How to find the N largest files in a git repository?

I wanted to find the 10 largest files in my repository. The script I came up with is as follows:

REP_HOME_DIR=<top level git directory>
max_huge_files=10

cd ${REP_HOME_DIR}
git verify-pack -v ${REP_HOME_DIR}/.git/objects/pack/pack-*.idx | \
  grep blob | \
  sort -r -k 3 -n | \
  head -${max_huge_files} | \
  awk '{ system("printf \"%-80s \" `git rev-list --objects --all | grep " $1 " | cut -d\" \" -f2`"); printf "Size:%5d MB Size in pack file:%5d MB\n", $3/1048576,  $4/1048576; }'
cd -

Is there a better/more elegant way to do the same?

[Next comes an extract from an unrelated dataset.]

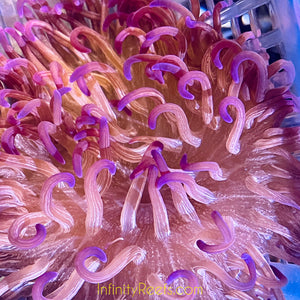 Purple Frost Pacific Long Tentacle Anemone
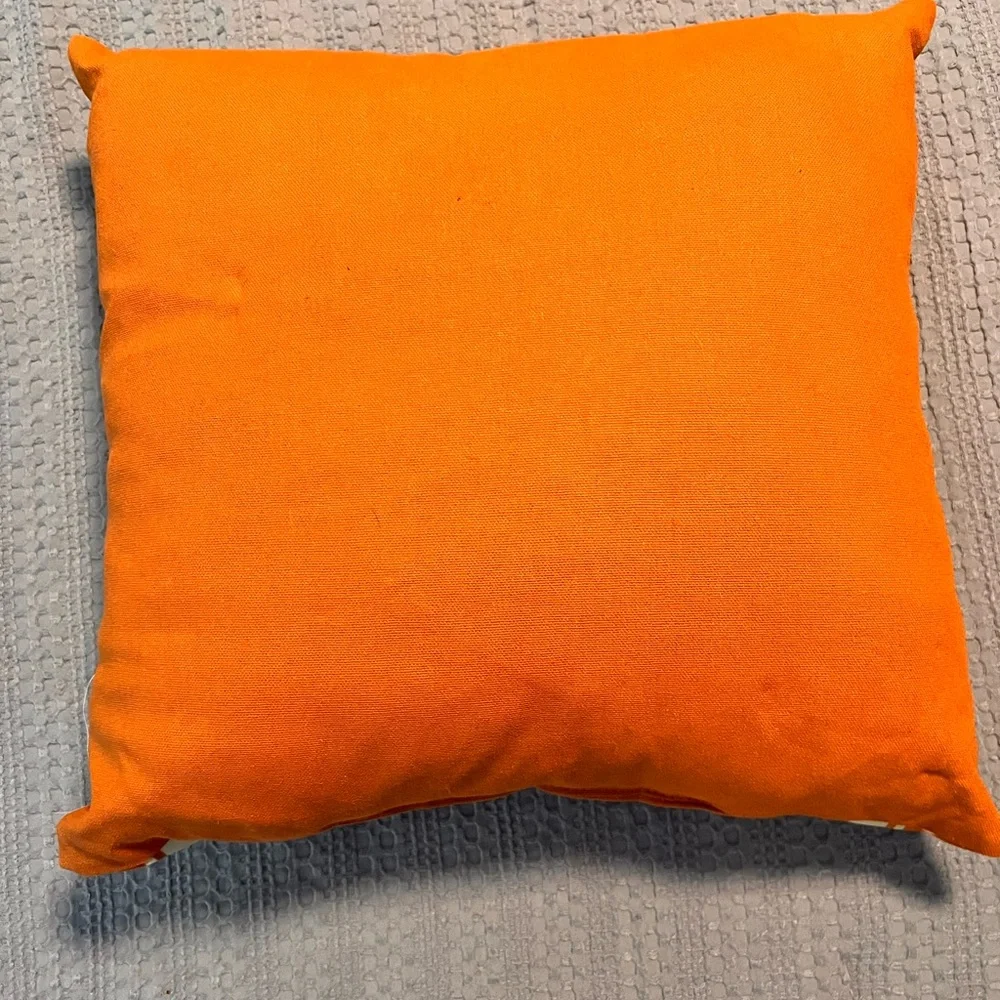 Hobby Lobby Orange Fall Pillow #9B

  • Maven plugin for versioning and minifying javascript
  • Git - remote: Repository not found
  • Extracting git information in rstudio
  • Git force push to github rejected for large file that is deleted and no longer tracked
  • Deploy my app on heroku
  • Undoing my mistake using git reset --hard
  • By “files” I mean the files that have been checked into the repository.

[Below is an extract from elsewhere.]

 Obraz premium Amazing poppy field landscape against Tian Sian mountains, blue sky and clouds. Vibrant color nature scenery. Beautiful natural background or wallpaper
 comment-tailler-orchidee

  • Tracking a remotes/p4/master branch in git
  • JIRA + fisheye + git -> how to repair missing links?
  • How do you annotate a branch?
  • git pull from master into the development branch
  • Who pushed commits into remote repository?
  • Maintain different directory structure in different git branches
  • 4 Solutions collect form web for “How to find the N largest files in a git repository?”

    I found another way to do it:

    git ls-tree -r -t -l --full-name HEAD | sort -n -k 4 | tail -n 10
    

    Quoted from: SO: git find fat commit

    How about

    git ls-files | xargs ls -l | sort -nrk5 | head -n 10
    
    git ls-files: List all the files in the repo
    xargs ls -l: perform ls -l on all the files returned in git ls-files
    sort -nrk5: Numerically reverse sort the lines based on 5th column
    head -n 10: Print the top 10 lines
    

    You can also use du – Example: du -ah objects | sort -n -r | head -n 10 . du to get the size of the objects, sort them and then picking the top 10 using head.

    You can use find to find files larger than a given threshold, then pass them to git ls-files to exclude untracked files (e.g. build output):

    find * -type f -size +100M -print0 | xargs -0 git ls-files
    

    Adjust 100M (100 megabytes) as needed until you get results.

    Minor caveat: this won’t search top-level “hidden” files and folders (i.e. those whose names start with .). This is because I used find * instead of just find to avoid searching the .git database.

    I was having trouble getting the sort -n solutions to work (on Windows under Git Bash). I’m guessing it’s due to indentation differences when xargs batches arguments, which xargs -0 seems to do automatically to work around Windows’ command-line length limit of 32767.

    Git Baby is a git and github fan, let's start git clone.